What is a story? It’s a simple enough question. Or at least it should be. Especially for a room full of writers who’s calling is to well, tell stories. People, who, in another time might have been Seers or Oracles or Orators who held onto and passed on the history and knowledge of their people.
Adjani, with his locks and piercing but not unkind gaze scanned the room. There were about fifteen of us. Anyone? Maybe it was that deep rooted school age fear of getting the answer wrong in front of the entire class but people were reluctant to answer. Come on guys, what’s a story? Let’s make this a conversation, not a classroom.
Finally, someone put up their hand. A story is a sequence of interconnected events. Almost but something’s missing. I audibly agreed with Adjani – it had something but it didn’t quite feel complete – and so he turned his attention to me and I did what I sometimes do in situations like that, I blanked. My answer wound up being an almost but not quite there one as well. Finally, someone put up their hand and introduced the element of conflict.
Yes! Yes! To put it simply, a story is a character going on a journey to achieve a goal while experiencing obstacles along the way. That was all. Nothing more, nothing less. It was so simple. So simple in fact that it doesn’t surprise me how something so fundamental often gets buried in all the noise of writing a script, directing a film, editing the footage, coming up with the marketing plan etcetera etcetera.

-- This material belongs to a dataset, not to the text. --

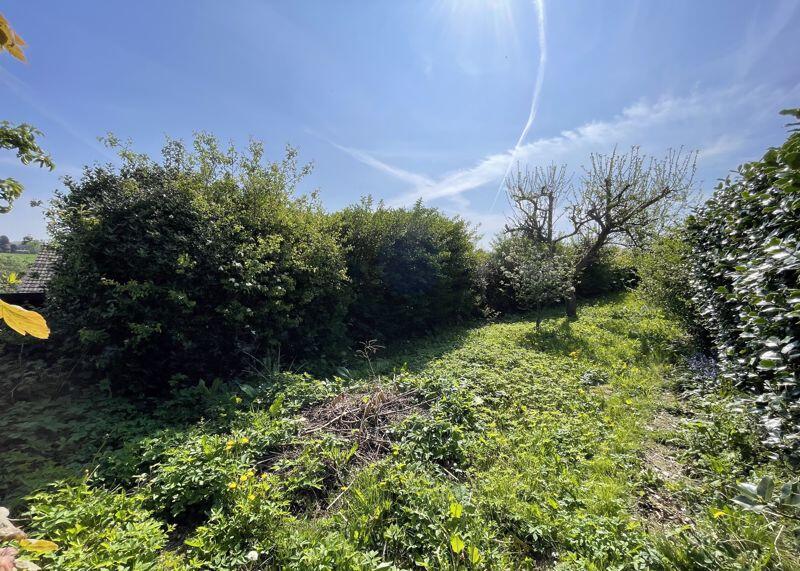 Garden (In Need Of Landscaping)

A story is a character going on a journey to achieve a goal while experiencing obstacles along the way. Taking this definition, I silently applied it to Adjani Salmon’s award-winning television series, “Dreaming Whilst Black”. I’d come across a trailer for it a couple of months before and was instantly riveted. As soon as I had the opportunity, I downed it as quickly as I could. I loved every minute of it. When’s season 2? And so, when I found out that its creator was going to be Uganda, I leapt at the opportunity to be in the same room as him.
The show is about Kwabena, a struggling film maker, fighting to finance and make his first feature film ‘Jamaica Road’. There are many other descriptives one could add to it to paint a more elaborate picture about the series but at its core, that’s what it was about. It’s a story that resonates with me on multiple levels. Not least of all because I’m a dreamer and well, because I’m black.
Using this definition as a spring board Adjani took us through the fundamentals of how to craft a good story, using several super cool short films as illustrations. I appreciated this, because just by virtue of us being in the room he rightly determined that he didn’t have to take us through the basic elements of a script, the three-act structure and other things people tend to teach in your average screenwriting workshop or instruction manual. He did have one thing to say about Blake Synder’s “Save the Cat” methodology to screenwriting, however, a methodology a lot of screenwriters in Europe and Hollywood seem to hold close to their hearts like it’s the screenwriter’s bible.
And that one thing was, F^&K Save the Cat! All it does is make peoples stories homogeneous; killing their flavor and draining them of their juice. It’s only a step or two away from AI written scripts. And who wants that besides the film studios?
To be fair, there are some structural basics one can learn from it. You have to know the rules before you can break them, after all. The problem comes when one follows the rules religiously. Don’t be one of those people, was his warning. And so, in short, F^&k save the cat!
Everyone agreeing that it would probably be best to just leave the cat alone, Adjani, still using the definition of a story as a foundation, took us through how to craft a logline – or one sentence pitch – for our stories.
Movies need money to get made and so in order to get the attention of the people with the money one has to be able to get their attention in the shortest amount of time possible. Call it the elevator pitch.
Each one of the attendees applied with a story idea and so we wrapped up the day by going round the room and Adjani helping each of us whittle our ideas down to the cleanest and most concise one-liners possible. I found this especially helpful since I often have the urge to over explain my stories and ideas out of fear that they may not come across how I want them to. With this exorcise I found that with some effort I can be concise and still express the elements of my ideas I feel make them unique.
All in all, the day was fun, insightful and a good perspective refresher. It was just a day but that day with Adjani is going to stick with me for a long time to come.
But also, in all seriousness, when’s season 2?